Small Business Income Tax Concessions
A small business is eligible for a number of income tax, capital gains tax, GST, fringe benefits tax and superannuation concessions. This article focuses on the “income tax” concessions.
Definition of a Small Business
A small business for income tax purposes (operating as either a sole trader, partnership, company or trust) is measured on an annual turnover basis. Up to 30 June 2016, the turnover threshold was $2 million.
From 1 July 2016, a business is considered to be a small business where it:
- operates a business for all or part of the income year, and
- has an aggregated turnover less than $10 million (the turnover threshold).
Note a different turnover threshold applies for the purpose of accessing the lower company tax rate (see below).
1. Company tax rate
The company tax rate is 30%. However this rate will be progressively reduced based on turnover as follows:
Income Year
|
Applicable Turnover Threshold
($) |
Company Tax Rate
(%) |
2015-16
|
2 million
|
28.5
|
2016-17
|
10 million
|
27.5
|
2017-18
|
25 million
|
27.5
|
2018-19
|
50 million
|
27.5
|
2019-20
|
50 million
|
27.5
|
2020-21
|
50 million
|
27.5
|
2021-22
|
50 million
|
27.5
|
2022-23
|
50 million
|
27.5
|
2023-24
|
50 million
|
27.5
|
2024-25
|
50 million
|
27
|
2025-26
|
50 million
|
26
|
2026-27
|
50 million
|
25
|
For the 2015/16 and 2016/17 years, the company needs to be “carrying on a business” to be entitled to the lower tax rate.
From the 2017/18 year, the “carrying on a business” test has been replaced with a “passive income” test. A company is now entitled to the lower tax rate where no more than 80% of its income is passive income. This income includes:
- dividends other than non-portfolio dividends
- franking credits on such dividends
- interest income, royalties and rent
- net capital gains
- income from trusts or partnerships, to the extent it is referable (either directly or indirectly) to an amount that is otherwise passive income.
2. Simplified depreciation rules – instant asset write-off
The $20,000 instant asset write-off threshold has been extended until 30 June 2018.
A small business can immediately deduct the business portion of most assets that cost less than $20,000 each if they were purchased:
- from 1 July 2016 to 30 June 2018, and the turnover of the business is less than $10 million
- from 7.30pm on 12 May 2015 to 30 June 2016, and the turnover of the business is less than $2 million.
This deduction applies to each asset that costs less than $20,000, whether new or second-hand. The deduction is claimed in the year the asset was first used or installed ready for use.
3. Accelerated depreciation for primary producers
From 12 May 2015, primary producers can:
- immediately deduct the costs of fencing and water facilities
- deduct the cost of fodder storage assets over three years.
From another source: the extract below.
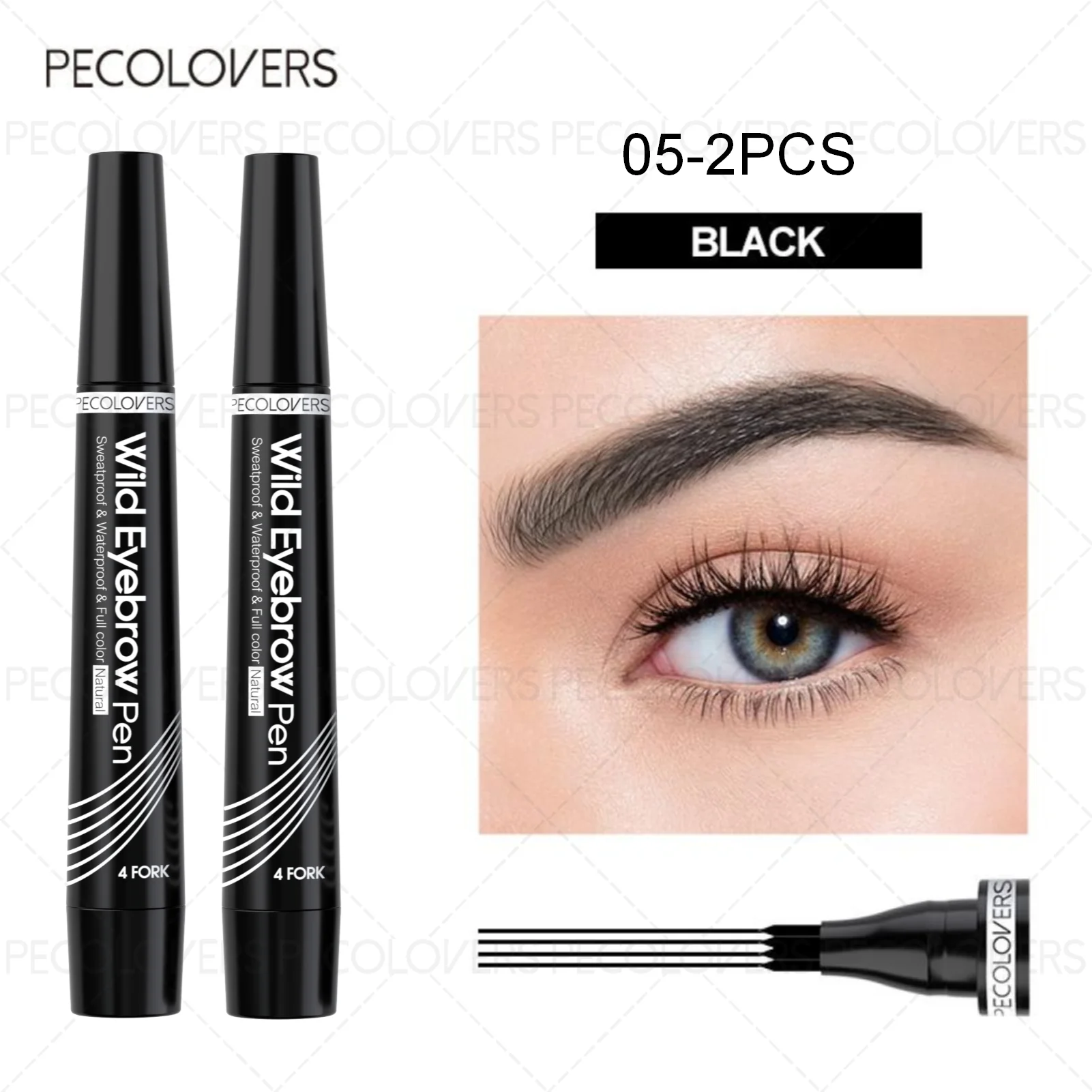 4-Tip Waterproof Microblading Eyebrow Pen – Natural Hair-Like Definition by Mallinaz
Primary producers who are small businesses are also entitled to claim the $20,000 instant asset write-off.
4. Deductions for professional expenses for start-ups
From 1 July 2015, small businesses are entitled to claim certain deductions when starting up a small business. The range of deductible start-up costs includes professional, legal and accounting advice and government fees and charges.
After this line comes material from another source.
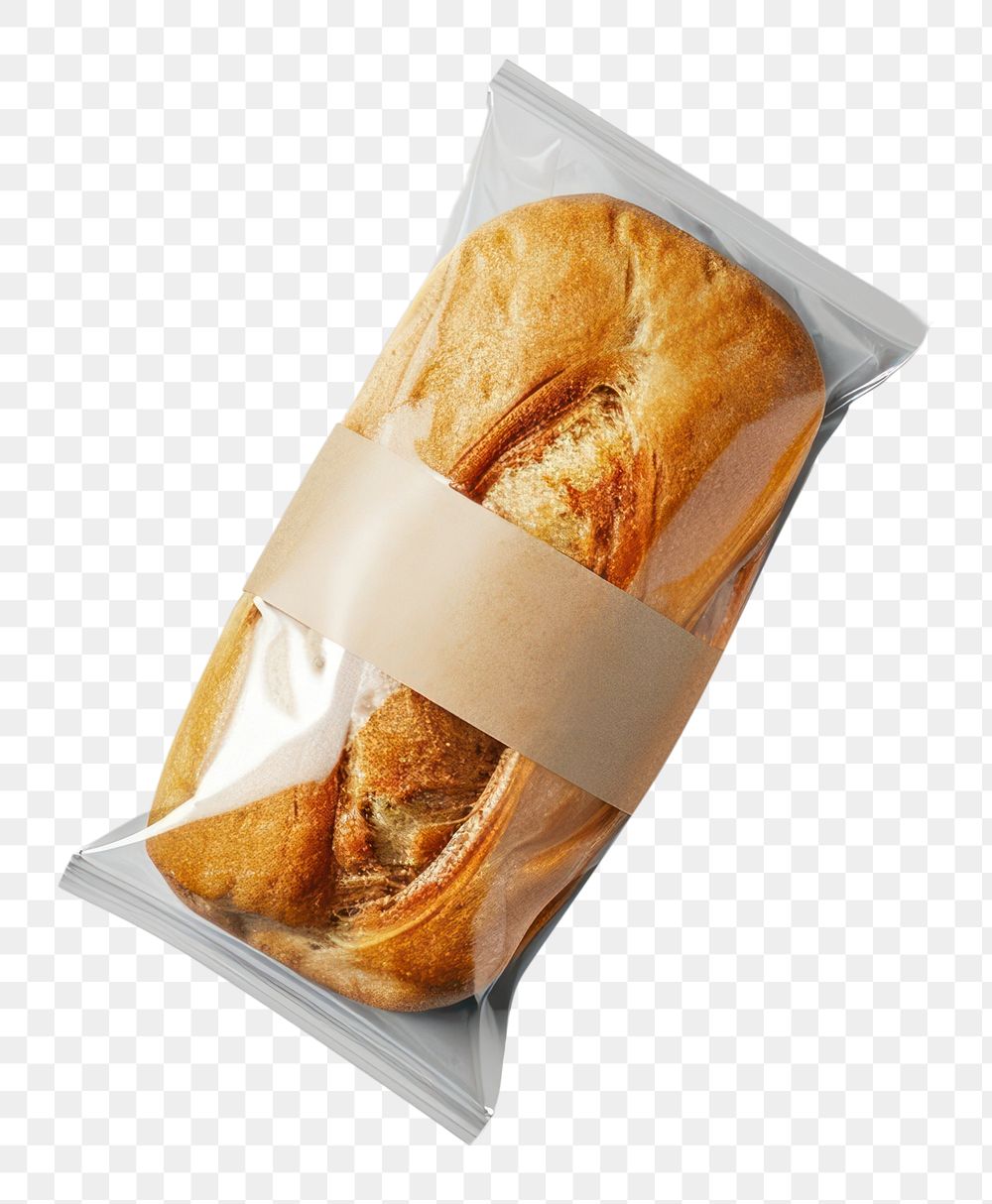 PNG  Bakery plastic with blank label mockup packaging bread food viennoiserie.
5. Small business restructure rollover
From 1 July 2016, small businesses can change the legal structure of their business without incurring any income tax liability when active assets are transferred by one entity to another.
This rollover applies to active assets that are CGT assets, trading stock, revenue assets and depreciating assets used, or held ready for use, in the course of carrying on a business.
6. Simplified trading stock rules
A small business does not need to conduct a physical stocktake and instead can choose to estimate the value of trading stock at the end of the financial year to report in the income tax return. The business will need to keep a record of how they estimated the value of stock, but the ATO does not need to be notified that an estimate of stock was chosen.
This concession only applies if there is a difference of $5,000 or less between:
- the value of stock at the start of the income year
- a reasonable estimate of the value of stock at the end of the year.
If the business chooses not to use an estimate, a full stocktake will need to be conducted with the actual value of stock reported in the tax return.
7. Immediate deduction for prepaid expenses
A small business can claim an immediate deduction for prepaid expenses where the payment covers a period of 12 months or less that ends in the next income year.
8. Two-year amendment period
A small business generally has a two-year time limit, from the day the notice of assessment is issued, for reviewing an assessment.
9. PAYG instalments
A small business has the option to pay as you go (PAYG) by instalments using an amount worked out by the ATO. This saves time in having to work out the amount to pay each quarter. If required, the instalments can be varied on a quarterly basis.